Overigens kan een keten in een huis met drie verdiepingen zeker zijn nut hebben als je ook op zolder de beste wifi-dekking vereist, maar we raden dan wel een triband-set aan. In een appartement is een set van twee stuks soms voldoende om de juiste dekking te bereiken.

De testopstelling

Omdat wifi 6 hogere snelheden biedt en beter om kan gaan met meerdere apparaten, wordt het testen ervan complexer. Waar we bij wifi 5-sets met één laptop al limieten konden ontdekken, is dat met de wifi 6-oplossingen een stuk pittiger.

We hebben gekozen voor drie specifieke testscenario’s. Als eerste testen we de maximale snelheid die je kunt halen met één laptop voorzien van een Intel AX201 wifi-adapter in de nabijheid van de node. We gebruiken voor deze test één apparaat, omdat je met twee apparaten op de meeste sets de limiet van de wan-poort aantikt en deels omdat je soms gewoon het beste wilt halen uit één machine. Dit is tevens de snelheid die je grofweg mag verwachten op een bedraad aangesloten node.

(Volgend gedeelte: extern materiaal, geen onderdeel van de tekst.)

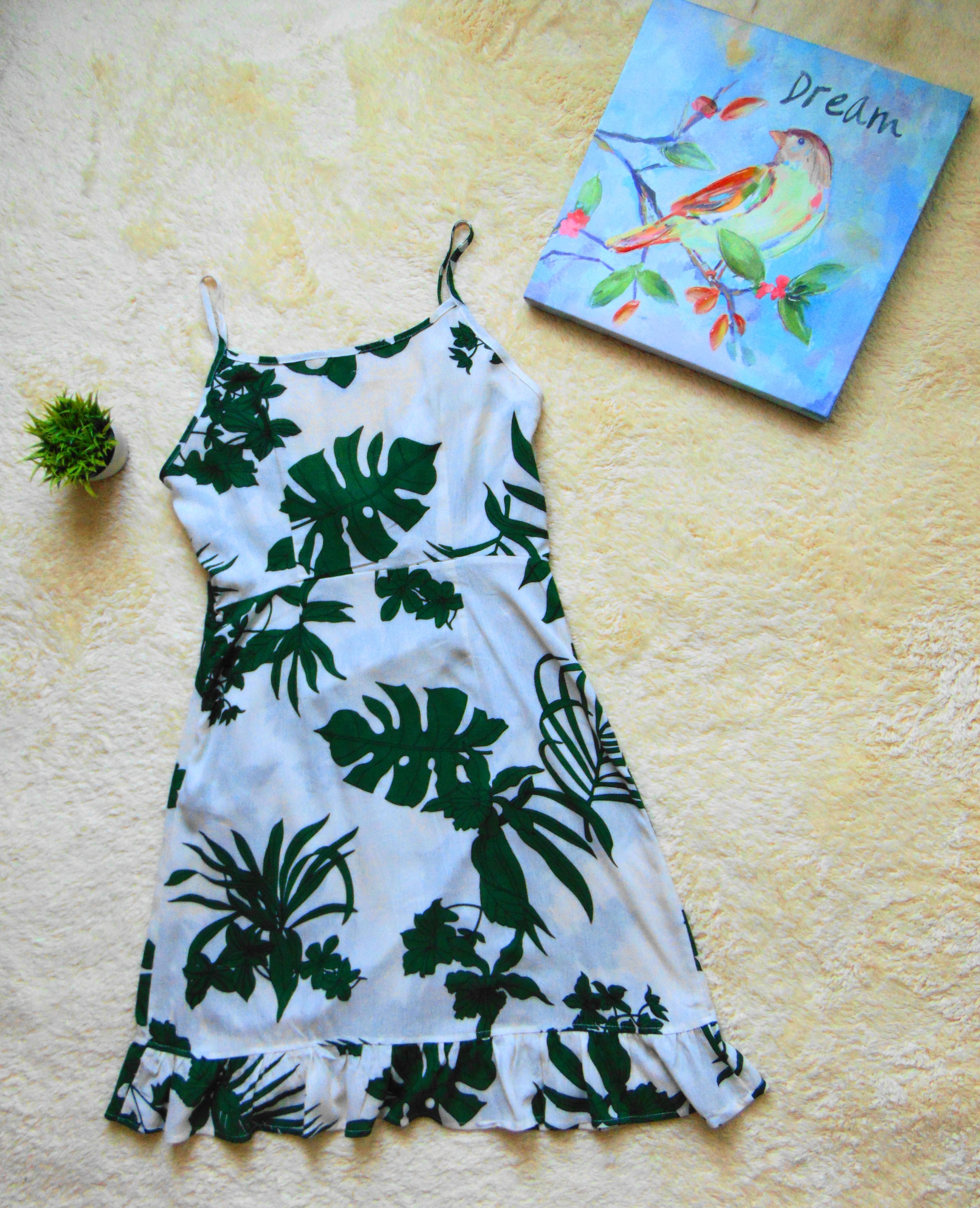 vestido corto diseño hojas 2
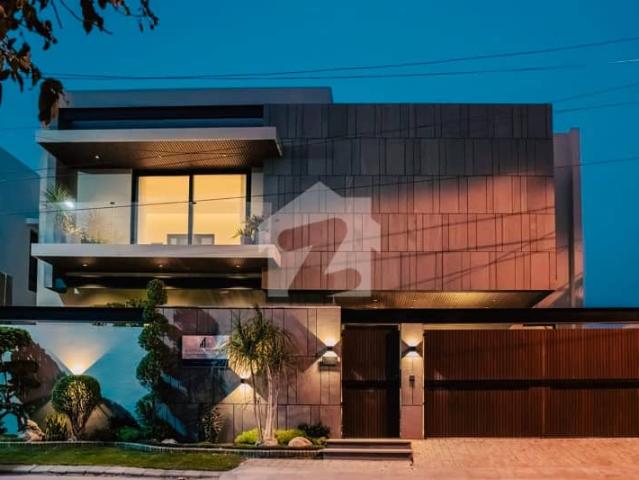 500 Square Yard Brand New Bungalow Available For Sale In Phase 8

Voor de andere twee tests plaatsen we een tweede node één verdieping hoger en circa vijftien meter hemelsbreed van de hoofd-node. Vervolgens gaan we voor de tweede test (‘Snelheid eerste verdieping’ in de tabel) met twee apparaten aan de slag in de nabijheid van die tweede node. Hierdoor zien we vooral wat de onderliggende backhaul in huis heeft.

Voor de derde test (‘Snelheid zolder’ in de tabel) nemen we beide laptops wederom één verdieping hoger en circa vijftien meter verder. Hier leunen we dus zowel op de backhaul als de signaalsterkte per node. We kijken specifiek naar totale downloadsnelheden via een bedrade server. We noteren het gemiddelde over meerdere testsessies.

Geen pand is hetzelfde

Hoewel onze testopstelling na uitvoerig testen en frequent hertesten tot stand is gekomen, blijft het slechts één enkele situatie. Draadloze prestaties blijven sterk situatieafhankelijk en het is dus goed mogelijk dat de prestaties in onze panden anders uitvallen dan bij een andere test. Dat is een onvermijdelijk kwaad. Zelfs onze voorzichtig gewogen test kan geen garanties bieden dat een product ook in jouw omgeving goed gaat werken. Alleen een fysieke kabel staat écht garant voor zekerheid.

©PXimport

TP-Link Deco

TP-Link is een mesh-bouwer van het eerste uur en dat zien we vandaag de dag terug in een ruim assortiment en een goed uitgewerkte gebruikservaring. De installatie is in onze optiek de meest gebruiksvriendelijke van allemaal. De app werkt goed en biedt de meest gangbare routerfunctionaliteit, van gastnetwerken tot opties voor ouders.

Echt geavanceerde mogelijkheden ontbreken en we ergeren ons ook aan zaken als een verplichte registratie en online account. Dat lijkt echter het nieuwe normaal voor mesh-systemen.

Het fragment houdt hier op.